At first, doses were hard to come by because of supply limitations.

But as flu cases dropped, so did demand and now there are tens of millions of unused doses.

Health officials last week renewed their push for vaccinations, citing a recent uptick in hospital cases in Georgia.

The CDC calculated state rates from two telephone surveys that included about 140,000 adults and nearly 75,000 children. The surveys covered vaccinations through January.

Rhode Island’s high rate of 39 percent was followed closely by five other states — Massachusetts at 37 percent, and Maine, Vermont, South Dakota, and Hawaii.

Mississippi came in with the lowest rate of 13 percent.

Many of the 13 other states with rates at or below 20 percent are in the Southeast and South Central regions, including Texas, Louisiana, Arkansas, Alabama, and Georgia.

Specialists have said it’s difficult to compare state vaccination rates because situations vary from place to place.

For example, the Southeast was hit earlier in the large wave of illness last summer and fall — before vaccines were available.

In late November, when vaccine was finally becoming plentiful, swine flu was easing in some Southeastern states but was widespread and more worrisome in the Northeast.

New England was “able to take advantage of that demand with ample supply by then,’’ said Dr. Anne Schuchat, a CDC flu specialist, said at a news conference yesterday.

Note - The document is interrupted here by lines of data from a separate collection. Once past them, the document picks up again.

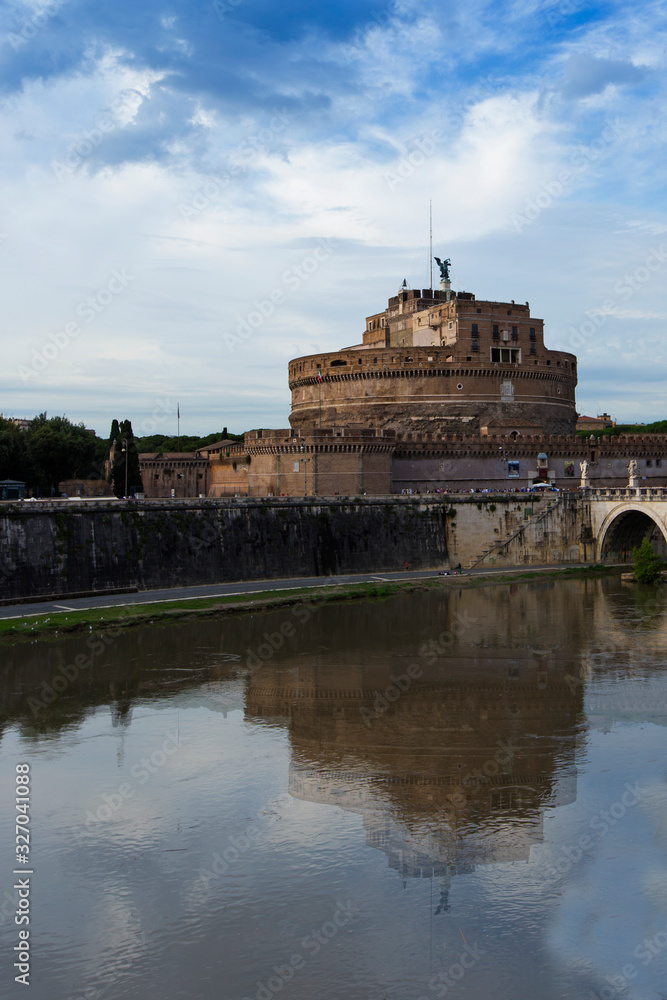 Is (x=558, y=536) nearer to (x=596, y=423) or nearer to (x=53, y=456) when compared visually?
(x=53, y=456)

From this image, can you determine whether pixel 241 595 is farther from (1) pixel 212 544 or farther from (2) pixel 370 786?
(2) pixel 370 786

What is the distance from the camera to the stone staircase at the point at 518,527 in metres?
55.7

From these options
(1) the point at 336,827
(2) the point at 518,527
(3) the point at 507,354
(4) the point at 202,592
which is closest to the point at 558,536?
(2) the point at 518,527

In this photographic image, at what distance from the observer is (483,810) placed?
57.4 feet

Also, the way state and local health departments organized clinics and distributed vaccine differed.

For example, both Rhode Island and Maine had aggressive, statewide efforts to hold clinics at schools, Schuchat said.

“There was not a lot of details by the federal government about how to how get this done. It was really left up to the states,’’ said Andrew Pekosz, a flu specialist at Johns Hopkins University.

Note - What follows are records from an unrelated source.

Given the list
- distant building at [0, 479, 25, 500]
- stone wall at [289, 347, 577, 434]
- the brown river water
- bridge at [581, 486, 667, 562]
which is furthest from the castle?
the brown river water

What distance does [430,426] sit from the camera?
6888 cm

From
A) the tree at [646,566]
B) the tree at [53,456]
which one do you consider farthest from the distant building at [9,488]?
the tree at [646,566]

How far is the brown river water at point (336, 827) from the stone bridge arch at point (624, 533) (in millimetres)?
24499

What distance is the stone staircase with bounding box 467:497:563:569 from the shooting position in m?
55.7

“Some states were more efficient,’’ said Jim Cohn, a spokesman for Walgreens, the nation’s largest drugstore chain and a large provider of swine flu vaccinations.

The CDC reports also found:

■ 37 percent of children were vaccinated. Again, the rate was highest in Rhode Island, about 85 percent. Georgia had the lowest rate, about 21 percent.

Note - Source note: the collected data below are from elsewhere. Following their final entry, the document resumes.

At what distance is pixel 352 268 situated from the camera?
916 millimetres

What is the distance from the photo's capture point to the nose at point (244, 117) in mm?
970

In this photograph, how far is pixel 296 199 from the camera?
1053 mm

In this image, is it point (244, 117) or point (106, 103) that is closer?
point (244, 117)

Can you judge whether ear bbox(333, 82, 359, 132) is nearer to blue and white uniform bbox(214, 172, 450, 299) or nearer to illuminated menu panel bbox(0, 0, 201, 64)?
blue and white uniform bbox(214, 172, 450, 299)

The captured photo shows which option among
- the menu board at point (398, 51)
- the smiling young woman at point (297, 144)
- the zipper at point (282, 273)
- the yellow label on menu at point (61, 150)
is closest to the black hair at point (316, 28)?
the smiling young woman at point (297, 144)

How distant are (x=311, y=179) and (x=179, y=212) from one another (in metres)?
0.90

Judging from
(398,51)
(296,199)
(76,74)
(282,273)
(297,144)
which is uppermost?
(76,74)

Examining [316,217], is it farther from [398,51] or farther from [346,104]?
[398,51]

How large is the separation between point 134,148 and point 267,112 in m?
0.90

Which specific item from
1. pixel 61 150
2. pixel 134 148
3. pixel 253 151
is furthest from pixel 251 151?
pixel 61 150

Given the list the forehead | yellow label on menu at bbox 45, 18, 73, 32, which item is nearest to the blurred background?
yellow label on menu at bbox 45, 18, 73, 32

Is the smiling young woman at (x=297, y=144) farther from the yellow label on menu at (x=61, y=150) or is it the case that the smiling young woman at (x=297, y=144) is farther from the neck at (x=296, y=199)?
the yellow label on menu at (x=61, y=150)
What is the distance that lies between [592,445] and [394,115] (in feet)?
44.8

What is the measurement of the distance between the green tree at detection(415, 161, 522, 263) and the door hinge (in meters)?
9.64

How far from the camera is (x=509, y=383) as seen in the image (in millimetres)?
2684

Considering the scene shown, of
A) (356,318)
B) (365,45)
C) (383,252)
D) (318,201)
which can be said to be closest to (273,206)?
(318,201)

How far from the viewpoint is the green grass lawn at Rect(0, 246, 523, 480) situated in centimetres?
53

■ 33 percent of people in priority groups got the vaccine. That includes children and young adults, health care workers, pregnant women, and those with medical conditions that put them at higher risk for complications.

■ 62 percent of health care workers got seasonal flu vaccinations, according to an Internet-based survey of about 1,400 health care workers. The highest previous rate for health care workers was just shy of 50 percent.

■ 37 percent of health care workers got swine flu vaccinations.

Since it was first identified last April, swine flu has sickened about 60 million Americans, hospitalized 265,000, and killed about 12,000. The US death toll from the new H1N1 virus, declared a global epidemic, is about one-third of the estimated deaths from a regular flu season.